- YOUR OBJECTIVE -
Nothing but the lines from the first line of the entries through the line with "- 180 m² Bien prestige 850 000 € *" should appear in the answer, transcribed exactly and free of pictures.

- MATERIAL PROVIDED -
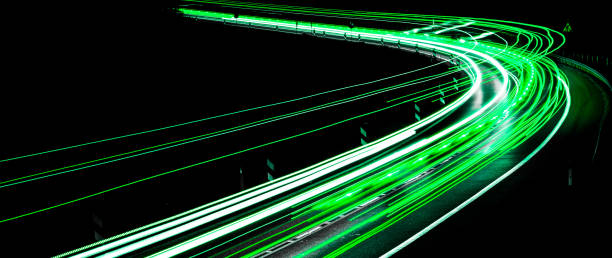 luzes verdes do carro à noite. exposição longa - long exposure flash - fotografias e filmes do acervo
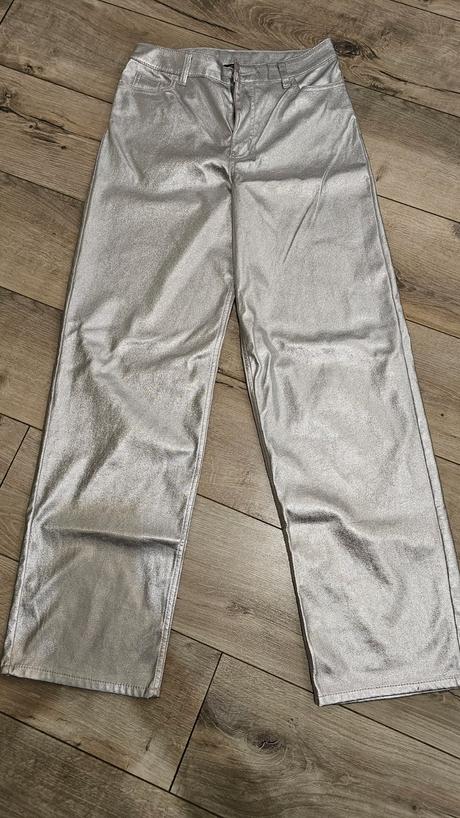 Strieborne nohavice, tezenis,s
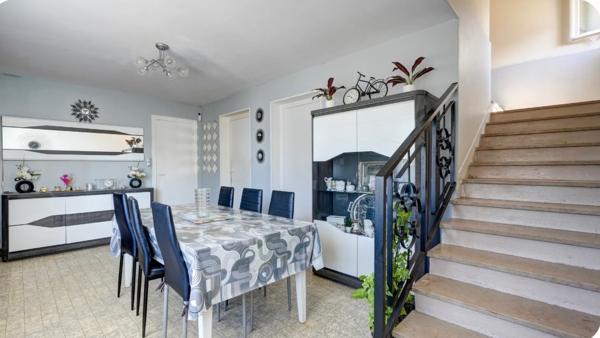 Maison
         5 pièces
        - 180 m² Bien prestige 850 000 € *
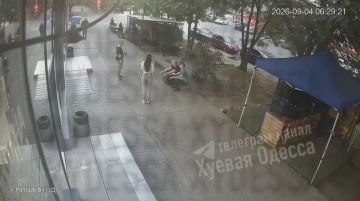 В Одессе теперь тцкшники шлют «в разведку» неприметных людей в штатском, которые, заметив нужную им добычу, вызывают патруль тцкшников по телевизору, которые уже бусифицируют жертву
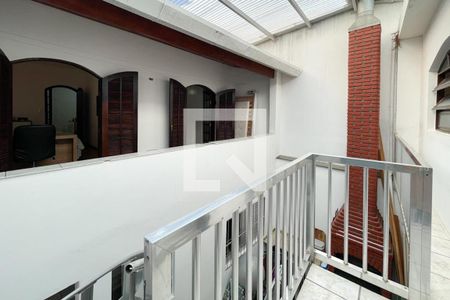 Casa à venda com 215m², 4 quartos e 3 vagasSacada - Suíte 1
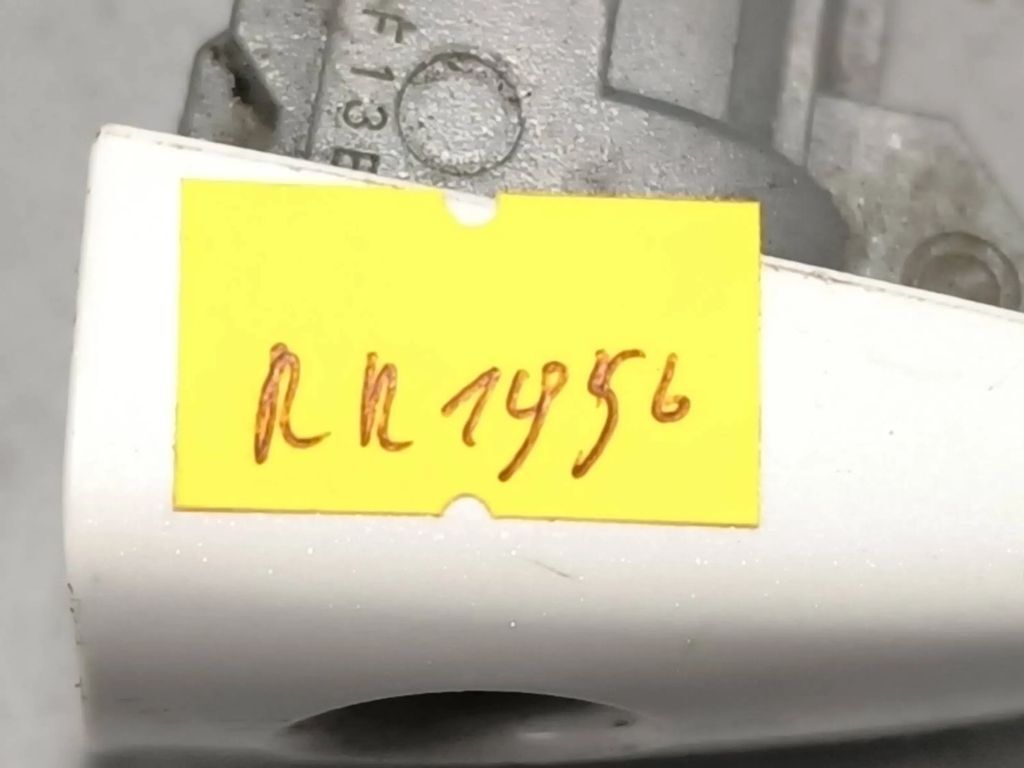 Mazda 3 III BM BN 2.0 121kW 2014 front left door exterior handle cap / NO KEY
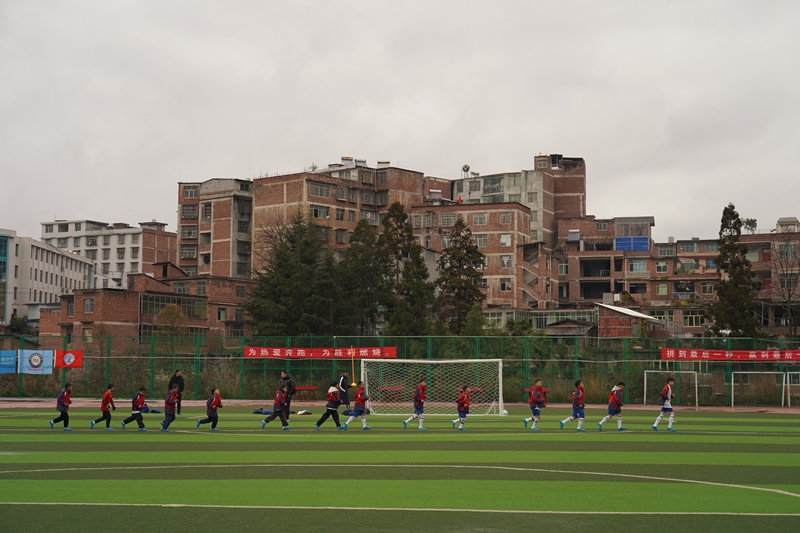 2026年3月9日，纳雍八小，“县长杯”校园足球联赛开幕式结束后，参赛队员赛前热身。.JPG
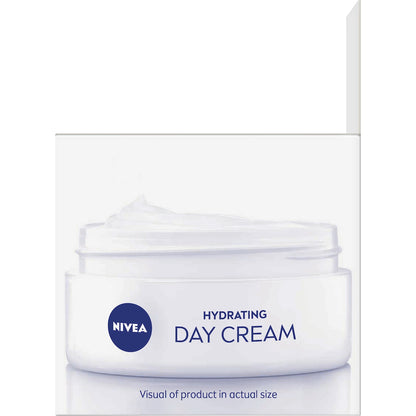 Nivea Refreshing Day Cream Face Moisturiser Spf 30 50ml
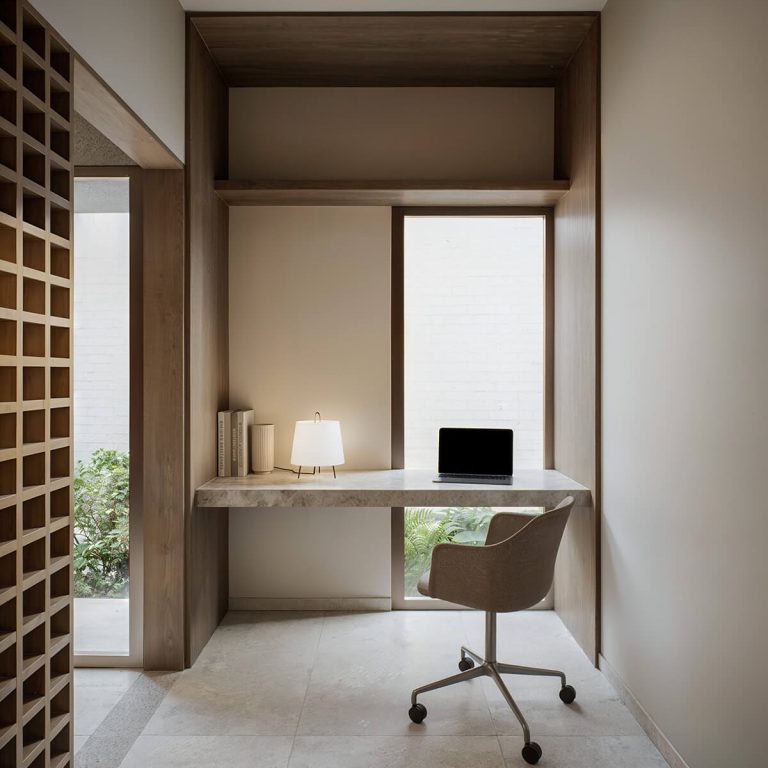 Casa Corregidora en Colima: Arquitectura Contemporánea por Taller DMS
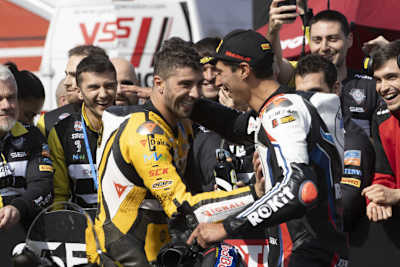 Andrea Iannone (li.) und Toprak Razgatlioglu kamen schon mal besser aus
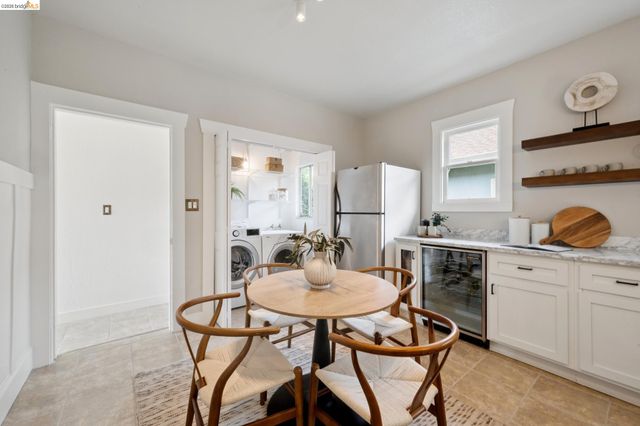 391 51St St, Oakland, CA 94609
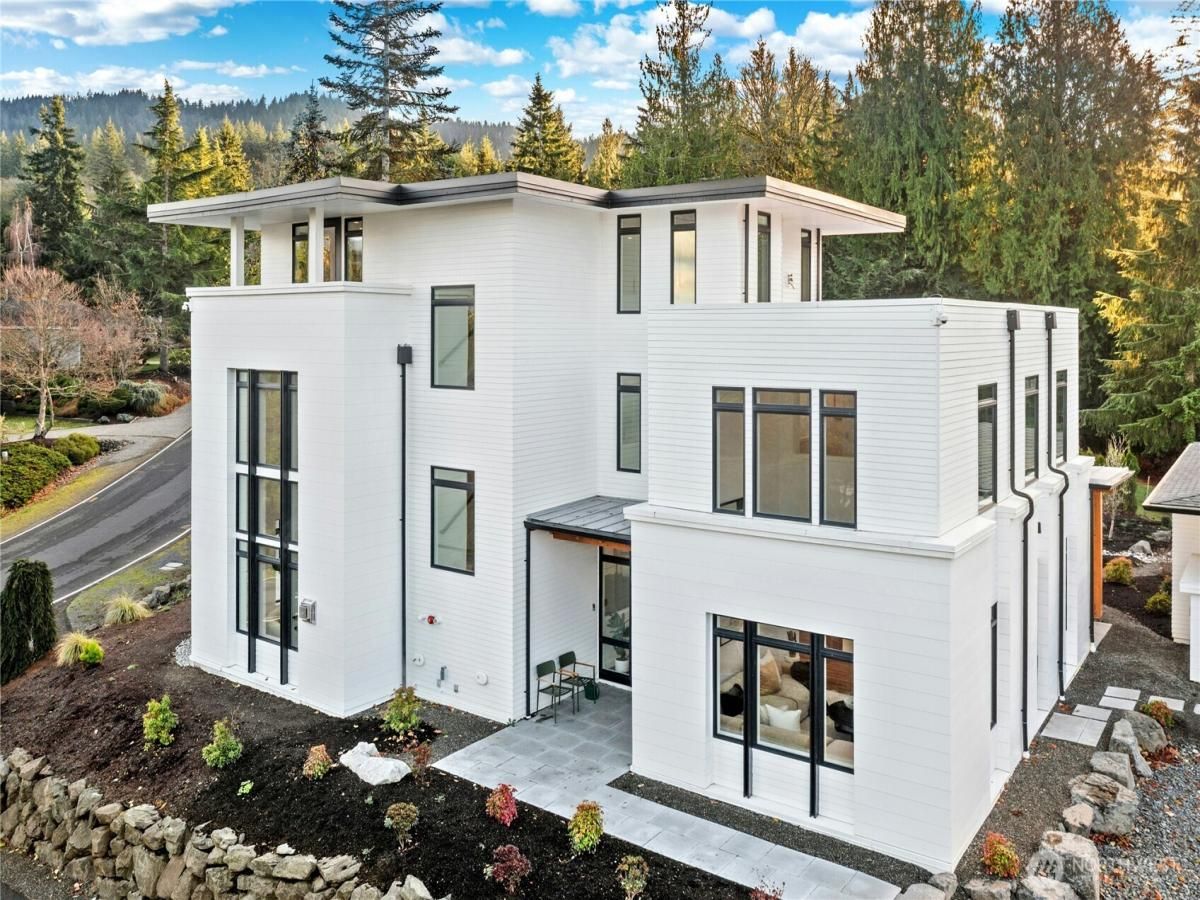 MLS #NWM2455250 image #0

- RESULT -
 luzes verdes do carro à noite. exposição longa - long exposure flash - fotografias e filmes do acervo
 Strieborne nohavice, tezenis,s
 Maison
         5 pièces
        - 180 m² Bien prestige 850 000 € *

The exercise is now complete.